Convert tokenized data and labels into a PyTorch Dataset for use with transformer models.

In [14]:
# Prepare PyTorch Dataset for modeling
import torch
from torch.utils.data import Dataset, DataLoader

class ReviewsDataset(Dataset):
    def __init__(self, encodings, labels):
        self.encodings = encodings
        self.labels = torch.tensor(labels, dtype=torch.float32)
    def __getitem__(self, idx):
        item = {key: val[idx] for key, val in self.encodings.items()}
        item['labels'] = self.labels[idx]
        return item
    def __len__(self):
        return len(self.labels)

train_dataset = ReviewsDataset(train_encodings, Y_train)
test_dataset = ReviewsDataset(test_encodings, Y_test)

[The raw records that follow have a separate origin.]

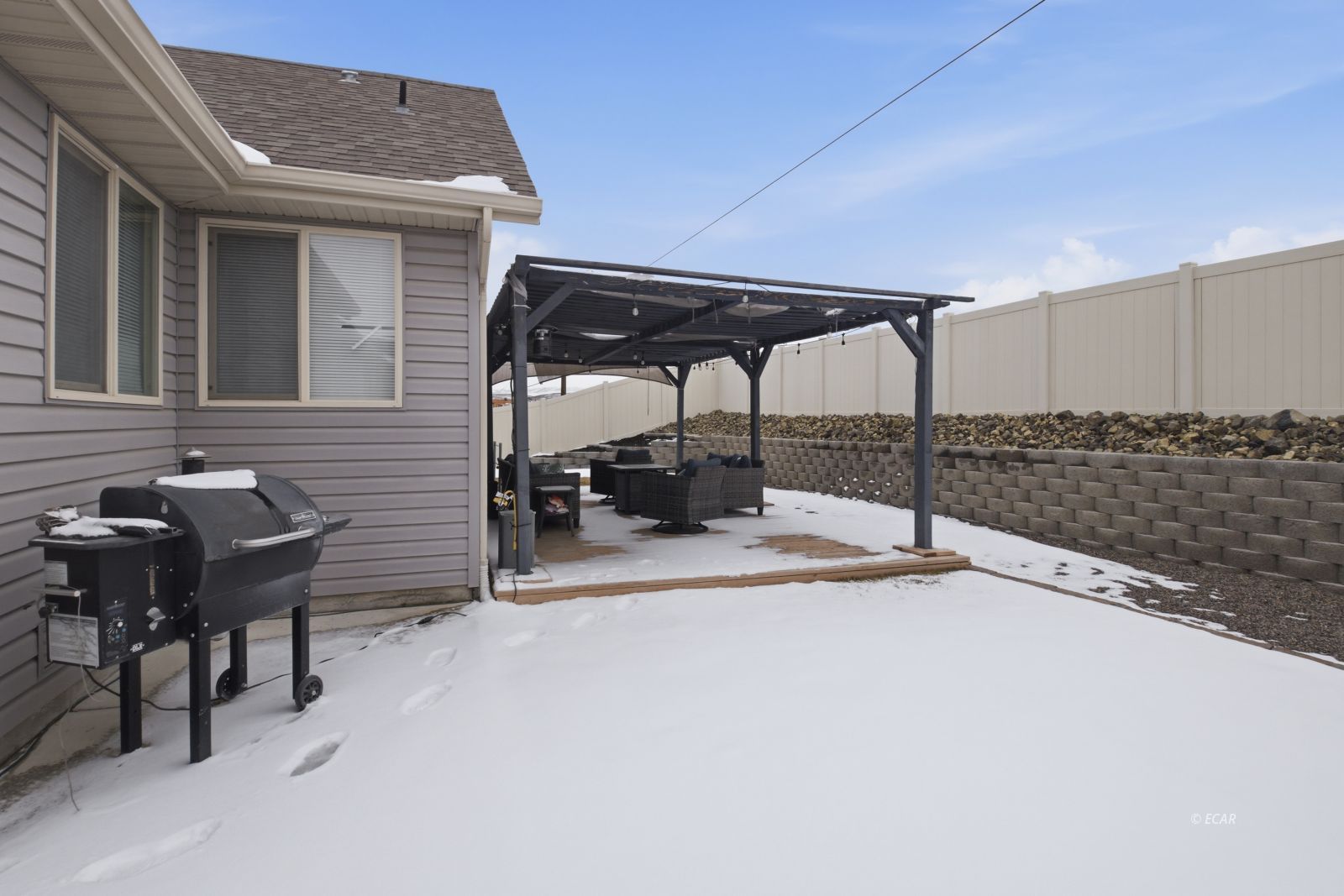 3688 Snowy River Property Photo 32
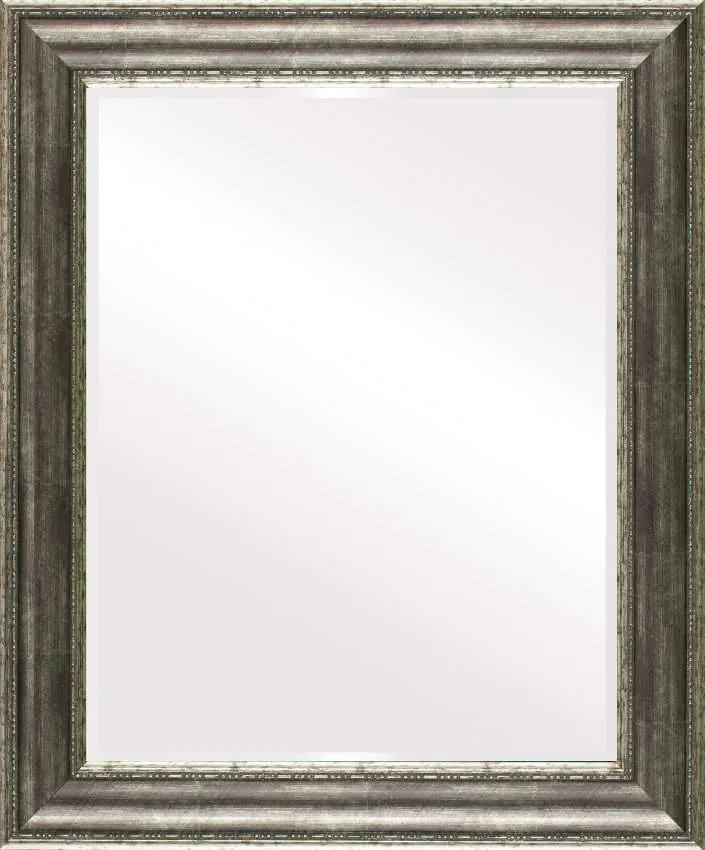 Spiegel Josephe 72x88cm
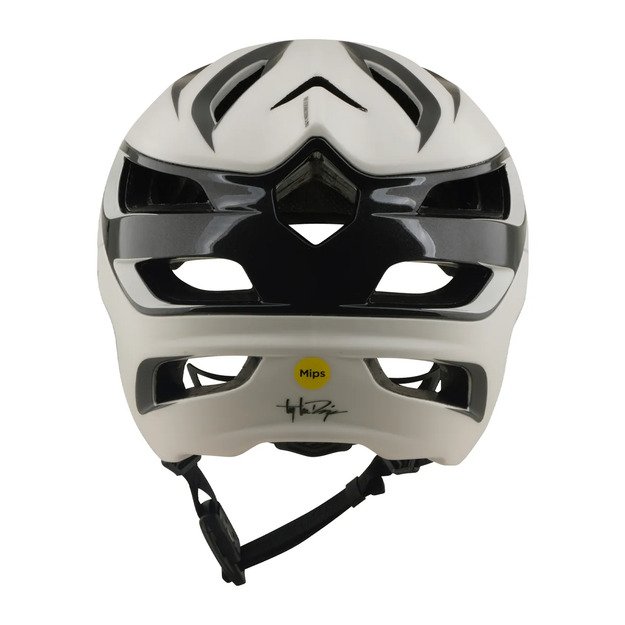 TLD HELMET A3 MIPS UNO PUMICE (15026719) 3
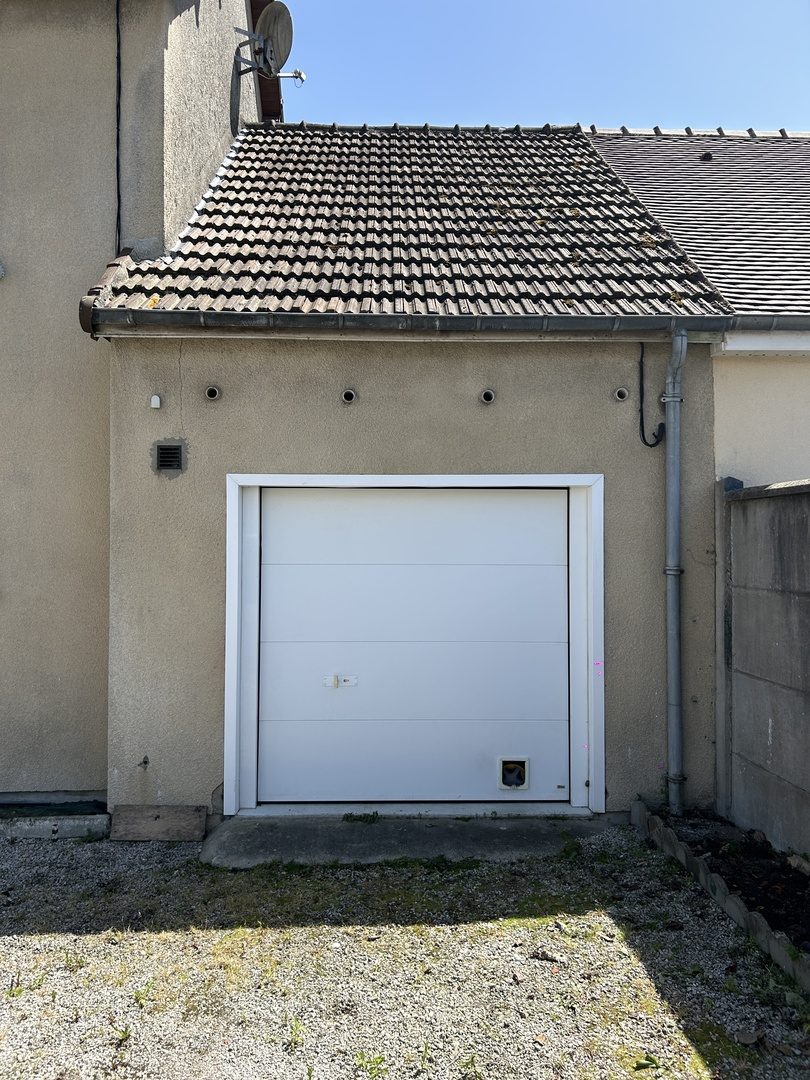 Photo 10 — Maison T5 · 93 m² · Pont-Hébert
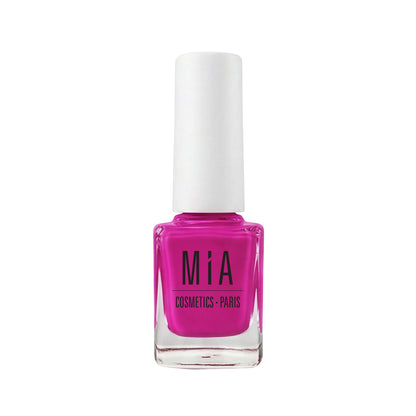 Flamingo Glow - Colección Radiant Glow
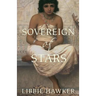 Sovereign of Stars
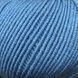 SUPERWOOL Mondial пряжа 100% шерсть мериноса екстрафайн 50г/125м 351 351sw фото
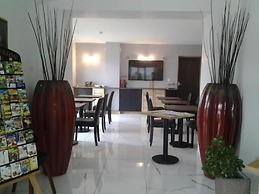 Residella House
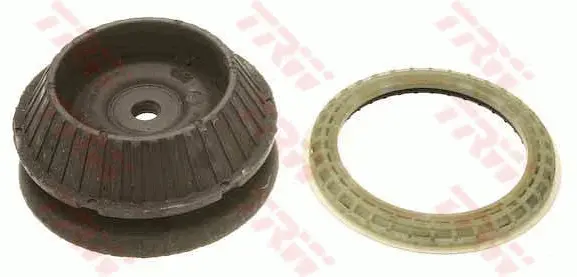 Repair Kit, suspension strut TRW Shock absorber producs 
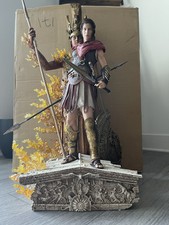 Purearts assassin creed for sale  Lancaster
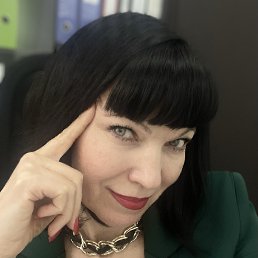 , 49, 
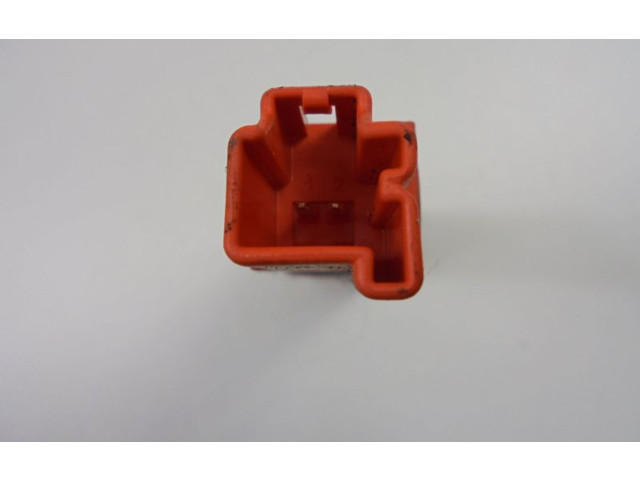 Блок подушек безопасности 8651754, 8651754   Volvo XC90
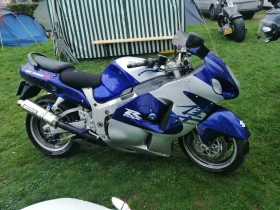 Suzuki Hayabusa | Mobile.bg � ����� ������ 3
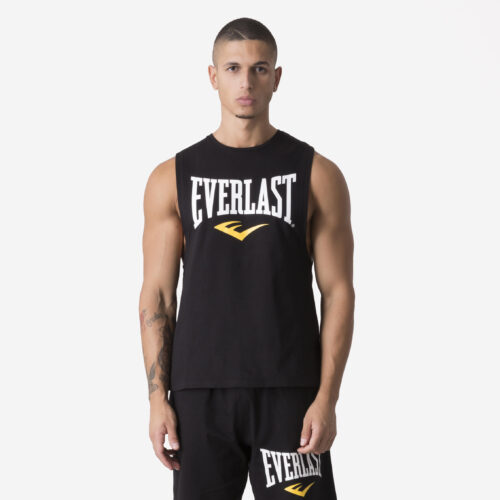 Tanktop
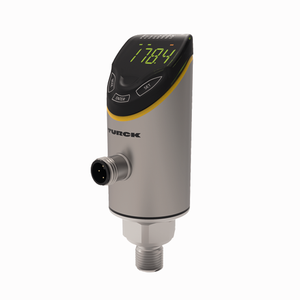 y Sensores PS510-400-05-2UPN8-H1141 PS510-250-03-LI2UPN8-H1141/X - Product Image 1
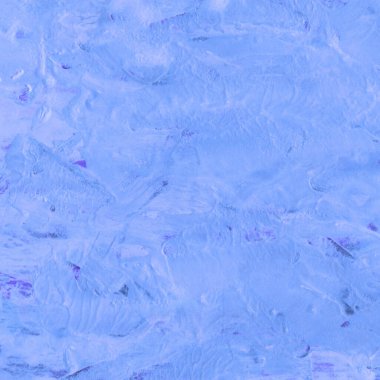 renkli akrilik soyut desen, arkaplan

print(f'Train dataset size: {len(train_dataset)}')
print(f'Test dataset size: {len(test_dataset)}')

Train dataset size: 12924
Test dataset size: 3232


In [15]:
# Save only encodings and labels for reproducibility and compatibility
import os
os.makedirs('../data/processed', exist_ok=True)
torch.save({'encodings': train_encodings, 'labels': Y_train}, '../data/processed/train_dataset.pt')
torch.save({'encodings': test_encodings, 'labels': Y_test}, '../data/processed/test_dataset.pt')
print('Saved train and test encodings/labels for later use.')

Saved train and test encodings/labels for later use.